With this in mind, “ex-Marine” (husband, Steve) and I decided that a few days would be both educational and fun. And, my friend, Shelley who had recently moved to Boston could give us an insider’s view.
Planning was simple. Picked a weekend with a good e-fare, flew directly from Chicago to Logan Airport and searched out a semi-inexpensive hotel for the weekend. Doesn’t sound too difficult but it is not easy to find a “reasonably priced” hotel/motel in the center of Boston. You either have to rent a car or head out of the immediate City. Since we didn’t want to be bothered with a car, found a hotel in Brookline and took excellent public transportation back and forth.
First stop off the plane was to pick up an Official Subway Map from the Massachusetts Bay Transportation Authority. (We learned quickly that all Bostonians refer to anything with Massachusetts in it as “Mass” — as in Boston, Mass.) The subway is called the “T” and is a snap to get around on. The Transportation Authority has Visitor’s Passports for 1, 3 or 7 days of unlimited transportation on all MBTA local subway and bus services. Cheap and easy!
Headed for downtown Boston on the T, dropped our bags, visited the Boston Common Visitor’s Center on Tremont Street and loaded with information, brochures and maps, started out to walk The Freedom Trail.
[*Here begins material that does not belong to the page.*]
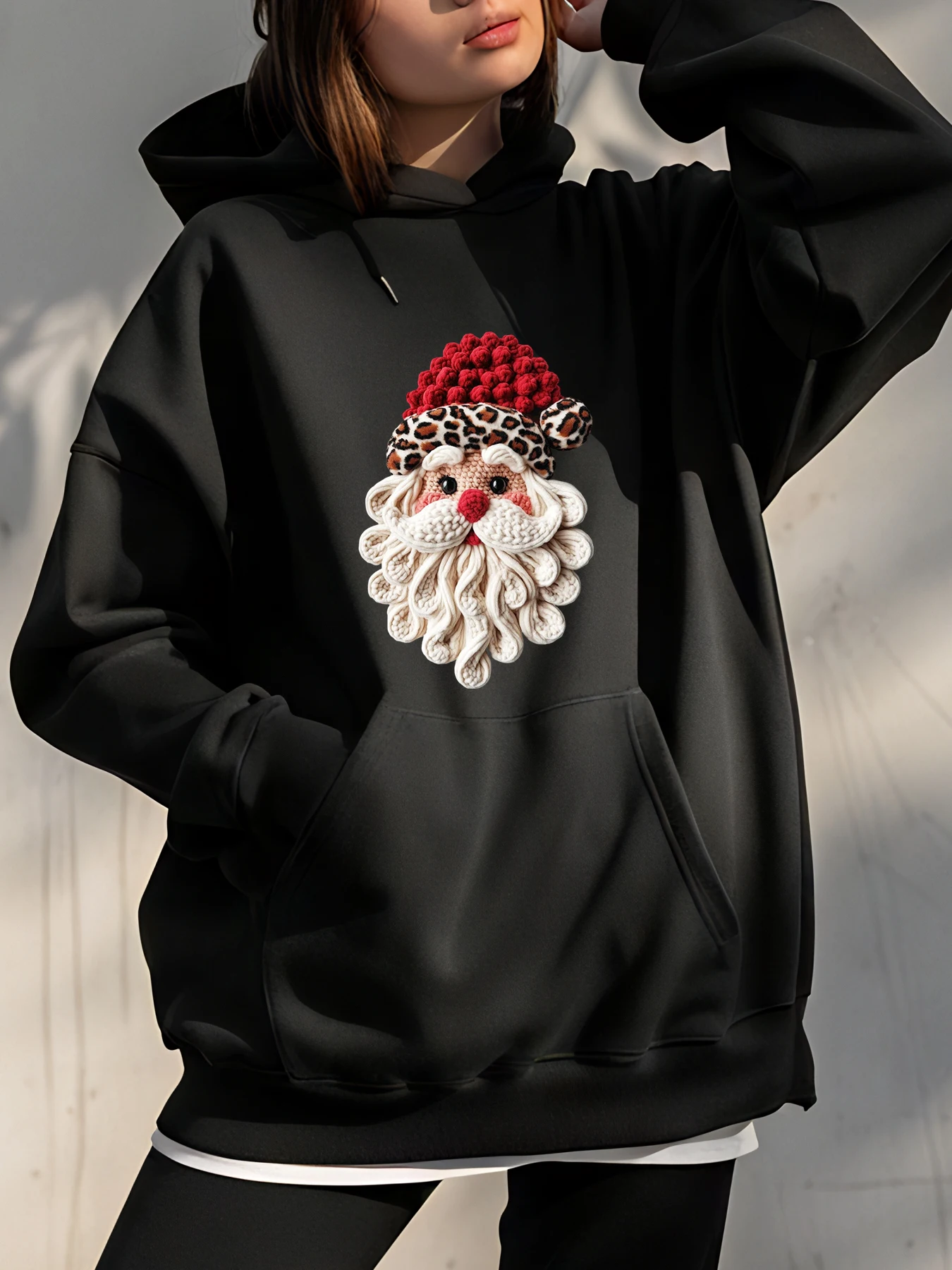 Felpa con cappuccio con stampa di Babbo Natale natalizia Felpa oversize casual da donna Vacanza invernale Moda Streetwear Outfit per donna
The Freedom Trail is walked by approximately 2 million people each year. It was established in 1958 and links 16 historic sites between the Boston Common and Bunker Hill Monument in Charlestown. Connected by a red brick line, the Trail covers 2-1/2 miles. You walk past the Common, New State House, Park Street Church, Granary Burying Grounds, King’s Chapel, the first public school site, the Old Corner Bookstore, Old South Meeting House, Old State House, Boston Massacre Site and Faneuil Hall. Most of the sites are open from 9 am-5 pm daily, and some charge a small admission fee.
The National Park Service also provides guided tours of the Trail, but we just did our own thing…moseying along…lingering at the places that really interested us…taking in the sights and people-watching…reading menus and eating at some of the restaurants…and just having a good time.
Our first lengthy stop was the Old Granary Burying Ground. The remains of Paul Revere, John Hancock, Samuel Adams, Ben Franklin’s parents and Mother Goose (of nursery rhyme) are all buried here. It was amazing to see the tombstones of these famous people and look for many others, hardly legible after all these years.